**TASK GOAL:** Extract precisely the lines that run from the line containing "Volkswagen Tiguan 1.4" to the end of the records below, with both ends included and pictures omitted.

(Stored items from a collection)
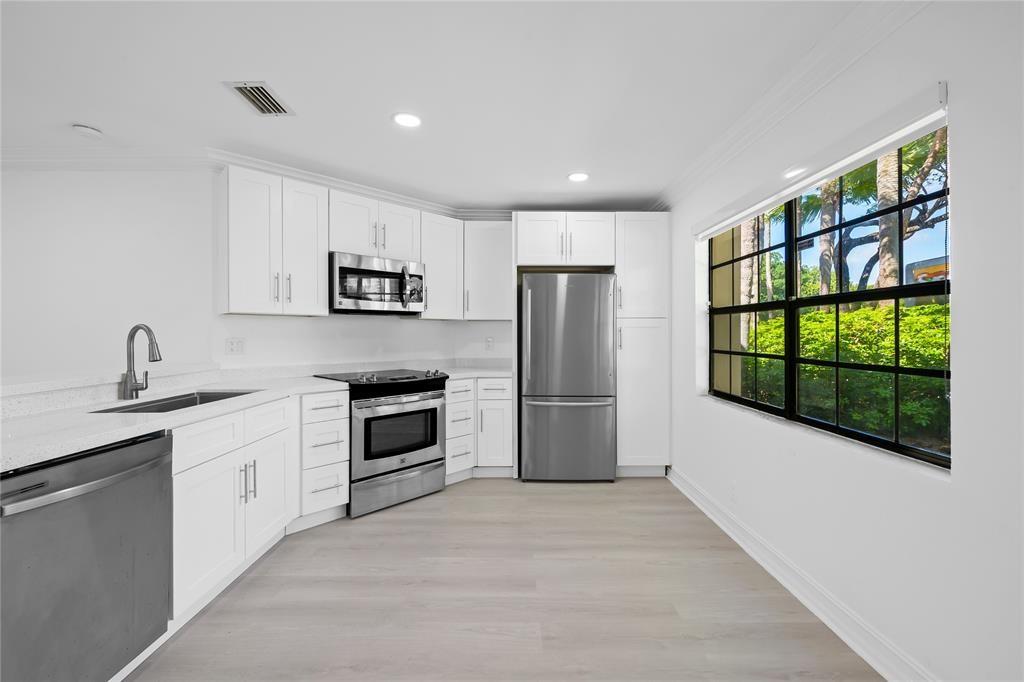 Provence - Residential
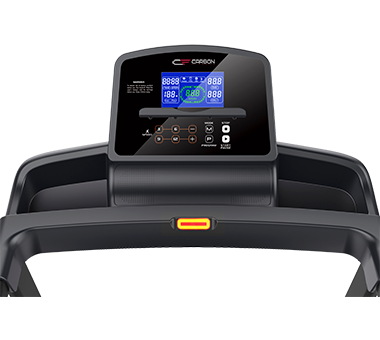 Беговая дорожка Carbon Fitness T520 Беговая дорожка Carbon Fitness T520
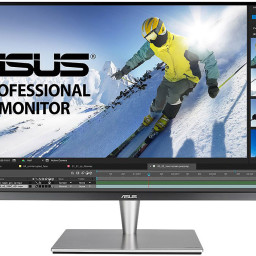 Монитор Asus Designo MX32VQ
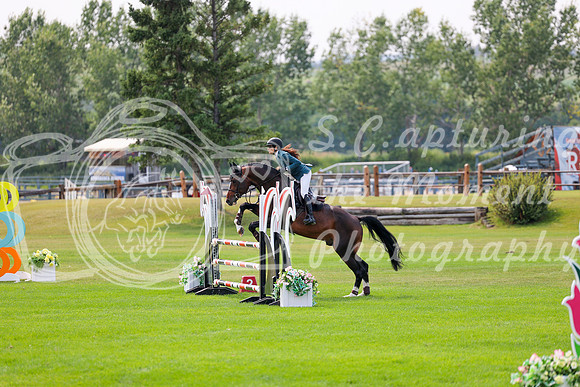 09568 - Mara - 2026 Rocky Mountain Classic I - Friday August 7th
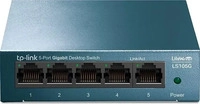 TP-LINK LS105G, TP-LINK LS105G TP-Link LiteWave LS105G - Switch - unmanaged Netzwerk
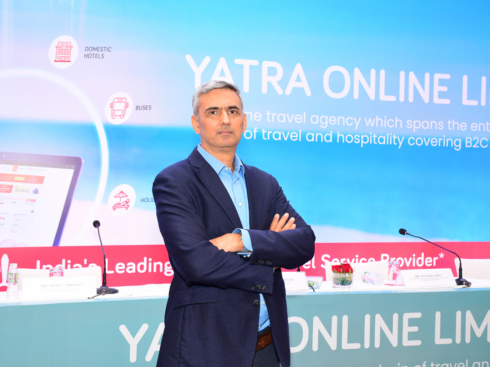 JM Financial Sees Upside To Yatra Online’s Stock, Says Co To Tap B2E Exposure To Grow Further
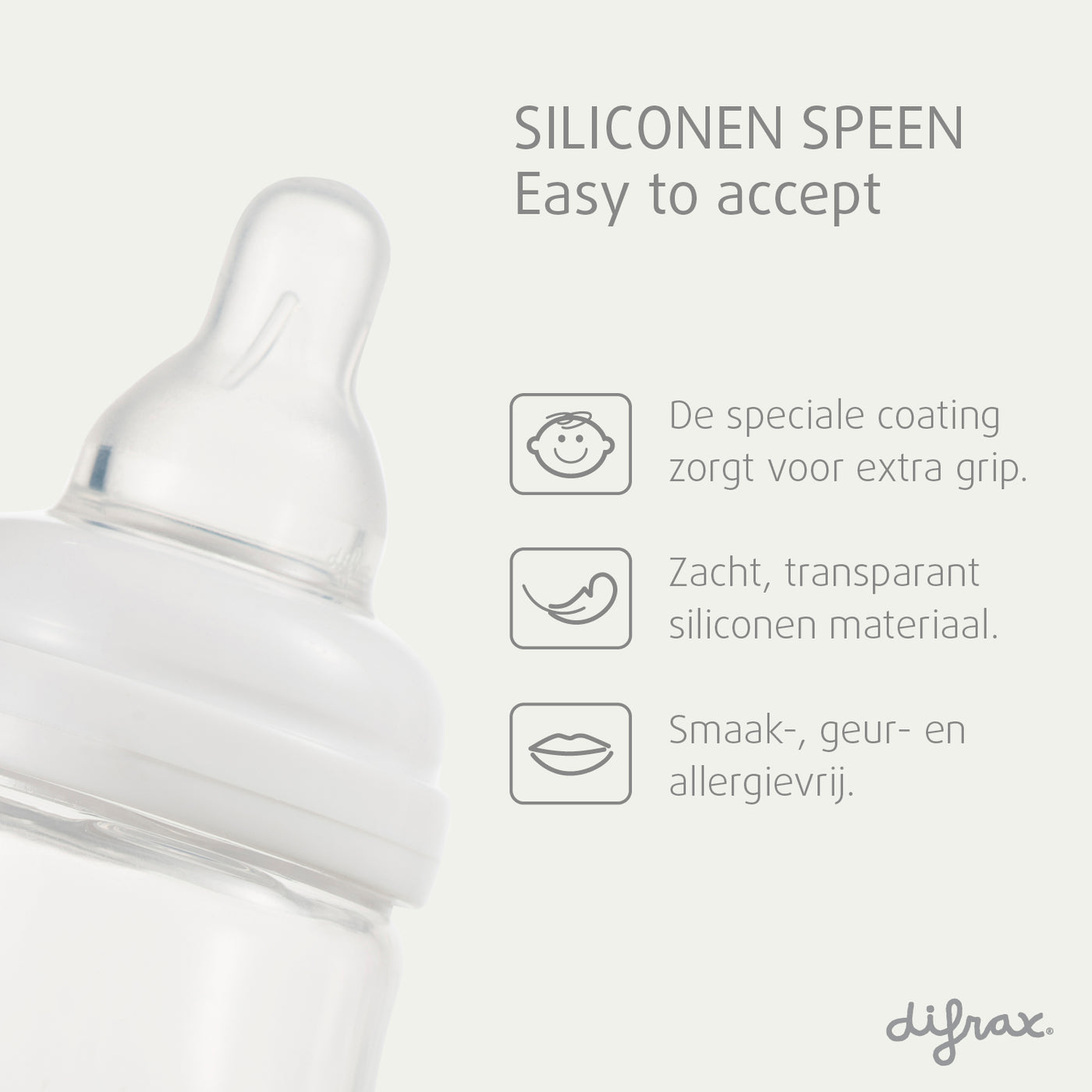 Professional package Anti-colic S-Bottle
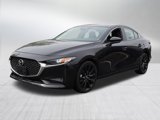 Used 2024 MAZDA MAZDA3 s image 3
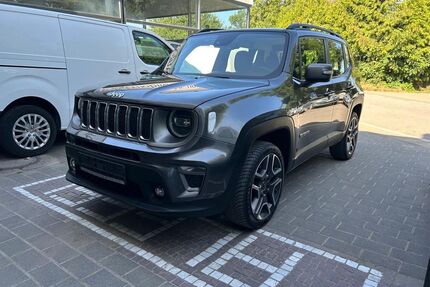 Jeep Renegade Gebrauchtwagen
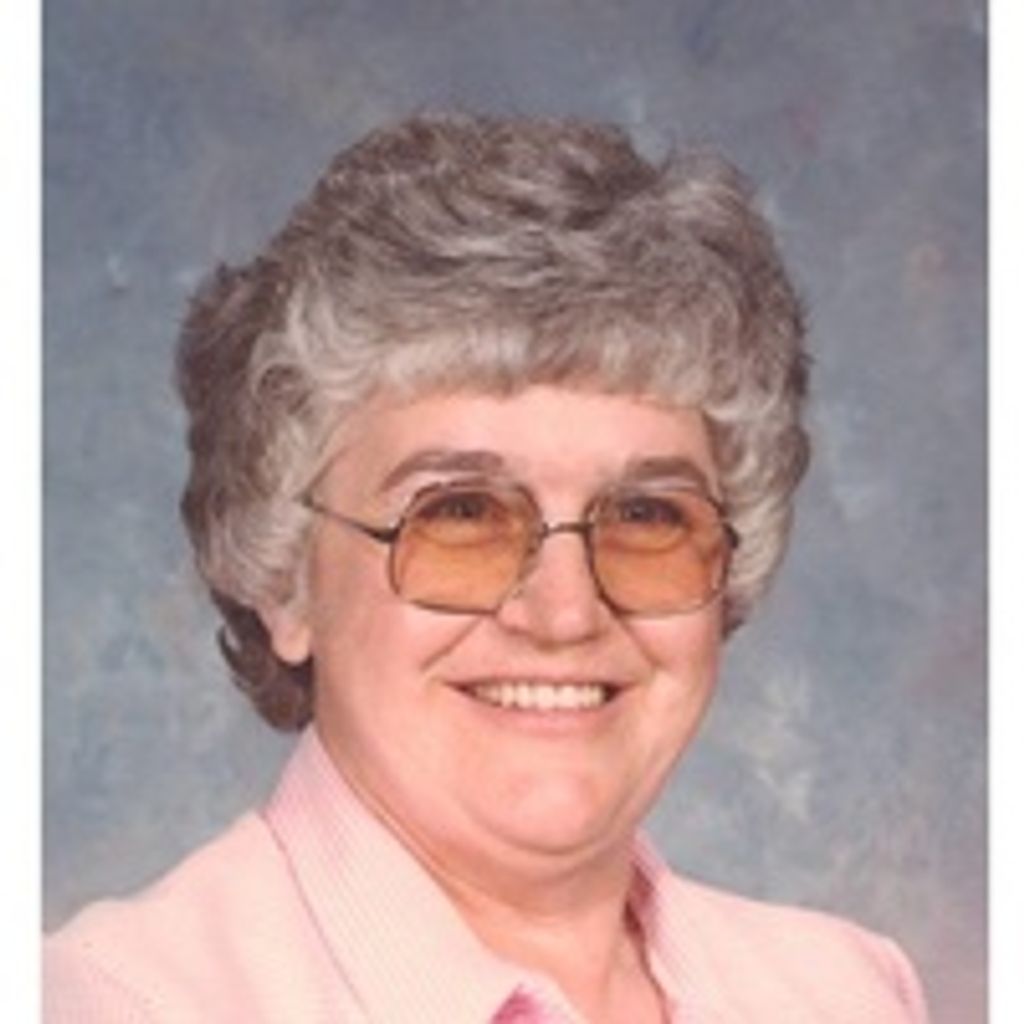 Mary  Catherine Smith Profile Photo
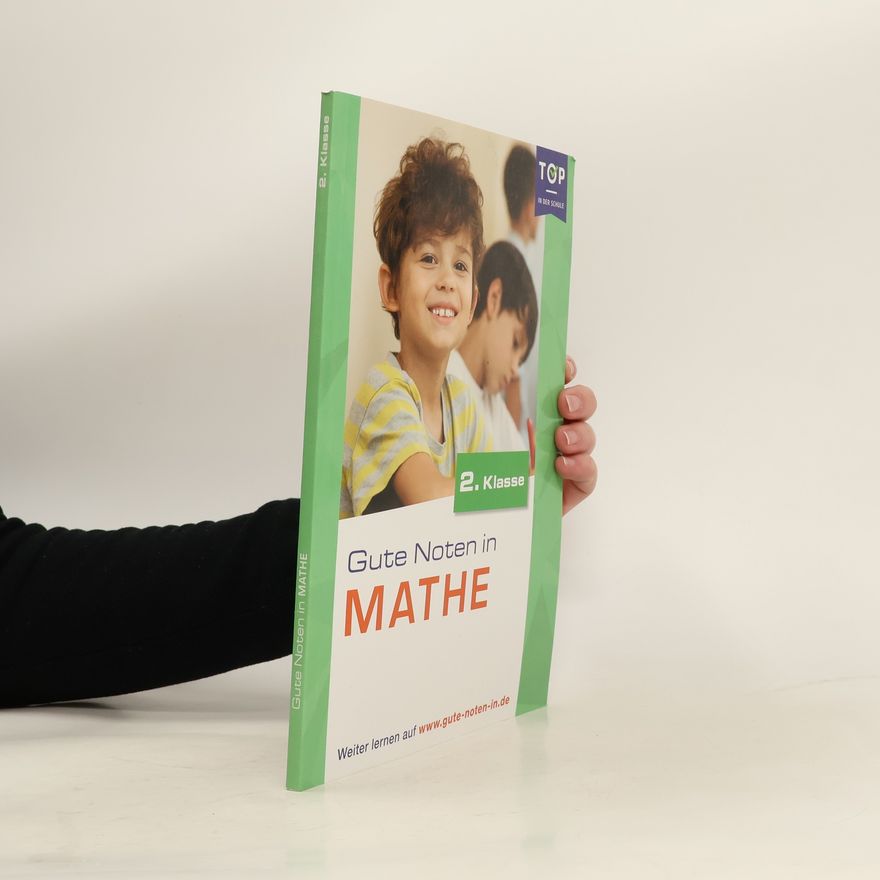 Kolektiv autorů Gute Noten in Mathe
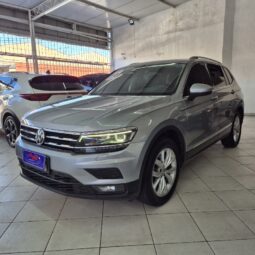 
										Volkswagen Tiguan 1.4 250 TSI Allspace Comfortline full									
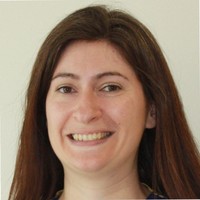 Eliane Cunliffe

**SOLUTION TO THE PROBLEM:**
										Volkswagen Tiguan 1.4 250 TSI Allspace Comfortline full									
 Eliane Cunliffe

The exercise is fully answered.